# 20x10's on 64 impala



## RoLLo6Fo (Apr 14, 2002)

i need to know if 20x10's will fit on the rear of a 64 impala and if so what offset would i need?


----------



## The Mustachio (Jan 24, 2004)

20x10 5 inchs of back space


----------



## THE509PIMP (Mar 4, 2003)

all i can say is ''why''


----------



## RoLLo6Fo (Apr 14, 2002)

> _Originally posted by THE509PIMP_@Oct 15 2004, 10:25 AM
> *all i can say is ''why''
> [snapback]2299660[/snapback]​*


because im making it a lowrod....and its mine :0 i guess i need to find a new impala forum to go to. too many closed minded people on this site.where i live theres no hydros and 13's on old cars. they put 20 inch vintage wheels and bags and thats what i like..so thats "why"


----------



## enough_talkin (Aug 25, 2003)

carry your ass to another site then....if your going to put 20's on a 64 because everyone else is doing it there your just another trend follower anyways


----------



## THE509PIMP (Mar 4, 2003)

im nat sayn u cant be orginal but from the sounds of it you are quite the follower so find another site i dont give a fuck all i did was ask a question ............. :0


----------



## THE509PIMP (Mar 4, 2003)

> _Originally posted by enough_talkin_@Oct 15 2004, 08:22 PM
> *carry your ass to another site then....if your going to put 20's on a 64 because everyone else is doing it there your just another trend follower anyways
> [snapback]2301537[/snapback]​*




thats right bro!!!!!!!!!!!!!!!   :biggrin:


----------



## RoLLo6Fo (Apr 14, 2002)

:uh:


----------



## RoLLo6Fo (Apr 14, 2002)

im not trying to be a follower. im just trying to make myself happy. im sorry you guys feel they way you do. you would be amazed what all this world has to offer if you would open your eyes alittle wider to see more than 13,s on a impala. a impala is a beautiful car no matter what size wheels are on it. i just wish you guys could see that. sorry if i rubbed your fur the wrong way with "my" topic.ill just take my questions else where.. later


----------



## RoLLo6Fo (Apr 14, 2002)

> _Originally posted by LIVINLIFELUXURIOUS_@Oct 14 2004, 08:53 PM
> *20x10 5 inchs  of back space
> [snapback]2298183[/snapback]​*


and thankyou for your reply. thats the info i was needing


----------



## Fried Chicken Eater (Sep 20, 2003)

> _Originally posted by RoLLo6Fo_@Oct 16 2004, 04:44 AM
> *you would be amazed what all this world has to offer if you would open your eyes alittle wider to see more than 13,s on a impala. [snapback]2302000[/snapback]​*


How bout 14s  j/p

I would tend to think that 10s may be a bit wide, but maybe not.


----------



## RoLLo6Fo (Apr 14, 2002)

14's are coo too  but heres one with 20x8 in the front and 20x10 in the rear and i just love the look of it


----------



## k gee™ (Jul 29, 2001)

dont listen to any1....so-called "haters"
its ure car...i never understood why ppl say "ure a follower"

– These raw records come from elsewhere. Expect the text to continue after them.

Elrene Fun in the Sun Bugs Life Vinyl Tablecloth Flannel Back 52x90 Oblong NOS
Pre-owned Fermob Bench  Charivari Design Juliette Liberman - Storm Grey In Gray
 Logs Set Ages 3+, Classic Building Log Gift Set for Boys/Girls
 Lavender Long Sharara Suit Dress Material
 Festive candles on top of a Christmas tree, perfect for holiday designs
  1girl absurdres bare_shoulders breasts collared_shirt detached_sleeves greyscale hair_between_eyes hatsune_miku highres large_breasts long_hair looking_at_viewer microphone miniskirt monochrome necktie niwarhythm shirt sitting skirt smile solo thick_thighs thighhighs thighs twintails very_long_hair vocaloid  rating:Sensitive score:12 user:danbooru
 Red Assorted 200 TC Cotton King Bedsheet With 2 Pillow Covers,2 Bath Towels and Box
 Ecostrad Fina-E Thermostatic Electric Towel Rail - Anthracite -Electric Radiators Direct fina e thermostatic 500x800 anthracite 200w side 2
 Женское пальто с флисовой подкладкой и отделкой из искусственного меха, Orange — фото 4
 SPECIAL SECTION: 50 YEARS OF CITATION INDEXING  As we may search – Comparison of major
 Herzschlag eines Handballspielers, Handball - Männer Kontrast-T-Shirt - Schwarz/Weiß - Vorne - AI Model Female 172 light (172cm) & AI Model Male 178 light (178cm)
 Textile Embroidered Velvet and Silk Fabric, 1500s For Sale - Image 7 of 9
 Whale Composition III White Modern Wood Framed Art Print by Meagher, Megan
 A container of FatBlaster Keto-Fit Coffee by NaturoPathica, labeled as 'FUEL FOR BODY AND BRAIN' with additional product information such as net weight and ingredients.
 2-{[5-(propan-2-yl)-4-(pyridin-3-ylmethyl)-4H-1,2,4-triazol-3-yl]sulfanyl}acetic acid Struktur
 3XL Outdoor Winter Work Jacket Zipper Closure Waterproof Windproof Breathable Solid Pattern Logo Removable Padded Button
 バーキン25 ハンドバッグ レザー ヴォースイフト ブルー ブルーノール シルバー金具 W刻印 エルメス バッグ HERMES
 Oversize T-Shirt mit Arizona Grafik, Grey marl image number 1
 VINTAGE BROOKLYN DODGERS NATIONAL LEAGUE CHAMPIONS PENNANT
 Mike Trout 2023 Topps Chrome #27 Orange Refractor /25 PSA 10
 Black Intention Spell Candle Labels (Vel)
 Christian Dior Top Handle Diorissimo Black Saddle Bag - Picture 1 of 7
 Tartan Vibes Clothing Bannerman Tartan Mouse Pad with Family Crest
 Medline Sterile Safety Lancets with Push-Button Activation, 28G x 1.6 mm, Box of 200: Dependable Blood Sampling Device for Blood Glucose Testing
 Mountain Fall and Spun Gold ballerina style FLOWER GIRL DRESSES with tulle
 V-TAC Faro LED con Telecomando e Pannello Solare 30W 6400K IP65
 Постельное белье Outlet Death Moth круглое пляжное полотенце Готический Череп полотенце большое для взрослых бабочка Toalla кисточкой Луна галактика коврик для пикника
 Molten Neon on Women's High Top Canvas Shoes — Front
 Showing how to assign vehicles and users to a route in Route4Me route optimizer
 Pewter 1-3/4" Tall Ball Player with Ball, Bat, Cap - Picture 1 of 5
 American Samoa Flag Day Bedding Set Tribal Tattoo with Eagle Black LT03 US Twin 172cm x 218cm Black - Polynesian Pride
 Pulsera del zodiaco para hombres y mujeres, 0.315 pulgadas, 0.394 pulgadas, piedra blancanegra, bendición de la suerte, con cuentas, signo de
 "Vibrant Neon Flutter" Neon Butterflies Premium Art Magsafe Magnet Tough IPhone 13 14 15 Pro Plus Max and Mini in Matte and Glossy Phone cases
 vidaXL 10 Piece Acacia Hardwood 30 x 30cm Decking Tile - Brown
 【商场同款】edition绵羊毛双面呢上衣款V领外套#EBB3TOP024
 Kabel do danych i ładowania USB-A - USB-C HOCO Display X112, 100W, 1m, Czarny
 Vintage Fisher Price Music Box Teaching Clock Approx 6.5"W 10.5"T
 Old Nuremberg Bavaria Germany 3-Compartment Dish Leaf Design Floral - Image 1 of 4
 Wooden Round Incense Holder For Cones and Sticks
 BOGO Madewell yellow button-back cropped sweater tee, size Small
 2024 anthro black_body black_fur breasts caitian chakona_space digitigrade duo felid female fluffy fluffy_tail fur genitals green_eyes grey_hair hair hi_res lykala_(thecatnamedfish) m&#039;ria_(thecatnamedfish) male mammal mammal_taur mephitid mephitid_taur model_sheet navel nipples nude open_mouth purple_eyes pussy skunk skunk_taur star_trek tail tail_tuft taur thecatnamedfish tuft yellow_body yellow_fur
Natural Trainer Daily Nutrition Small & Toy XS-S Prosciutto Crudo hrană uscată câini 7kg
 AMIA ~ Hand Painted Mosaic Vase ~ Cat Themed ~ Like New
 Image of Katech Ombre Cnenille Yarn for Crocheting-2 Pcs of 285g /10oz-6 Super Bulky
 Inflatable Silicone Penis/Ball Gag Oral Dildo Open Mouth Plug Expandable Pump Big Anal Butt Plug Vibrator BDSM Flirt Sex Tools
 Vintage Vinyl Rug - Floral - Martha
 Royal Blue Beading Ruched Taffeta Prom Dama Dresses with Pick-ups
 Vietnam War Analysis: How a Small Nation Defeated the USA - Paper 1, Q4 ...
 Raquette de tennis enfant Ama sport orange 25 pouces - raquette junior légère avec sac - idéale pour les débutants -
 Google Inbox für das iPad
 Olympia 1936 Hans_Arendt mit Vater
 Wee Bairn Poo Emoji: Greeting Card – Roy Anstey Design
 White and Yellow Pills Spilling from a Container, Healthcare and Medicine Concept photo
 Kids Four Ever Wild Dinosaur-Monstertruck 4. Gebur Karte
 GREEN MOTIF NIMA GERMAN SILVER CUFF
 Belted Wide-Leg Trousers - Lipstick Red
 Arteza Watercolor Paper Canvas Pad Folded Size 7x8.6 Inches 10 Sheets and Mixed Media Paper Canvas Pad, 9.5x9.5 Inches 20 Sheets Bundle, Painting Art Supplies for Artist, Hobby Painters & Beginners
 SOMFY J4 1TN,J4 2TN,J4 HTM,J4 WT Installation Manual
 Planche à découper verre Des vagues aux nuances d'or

13s n 14s have been around longer then 20s :uh:


----------



## original square (Jul 29, 2004)

> _Originally posted by LIVINLIFELUXURIOUS_@Oct 14 2004, 09:53 PM
> *20x10 5 inchs  of back space
> [snapback]2298183[/snapback]​*


I THINK YOU WOULD HAVE A PROBLEM WITH 20-10 IN THE FRONT IF ITS LOWERED...NO PROBLEM IN THE BACK WITH THE RIGHT TIRES OF COURSE...
DONT LET NO ONE RUN YOU OFF THIS SITE ...ASK AND POST WHAT YOU WANT...
YOULL FIND DISRESPECTFUL PEOPLE ALL THRU THESE SITES..BUT YOULL ALSO FIND HELPFUL, KNOWLEDGEABLE, ANSWERS.THERES ALOT OF EXPERIENCE OUT THERE, USE IT...


----------



## enough_talkin (Aug 25, 2003)

> _Originally posted by k gee_@Oct 16 2004, 12:43 PM
> *dont listen to any1....so-called "haters"
> its ure car...i never understood why ppl say "ure a follower"
> 
> ...


 this is the reason i called him a follower 

"where i live theres no hydros and 13's on old cars. they put 20 inch vintage wheels and bags "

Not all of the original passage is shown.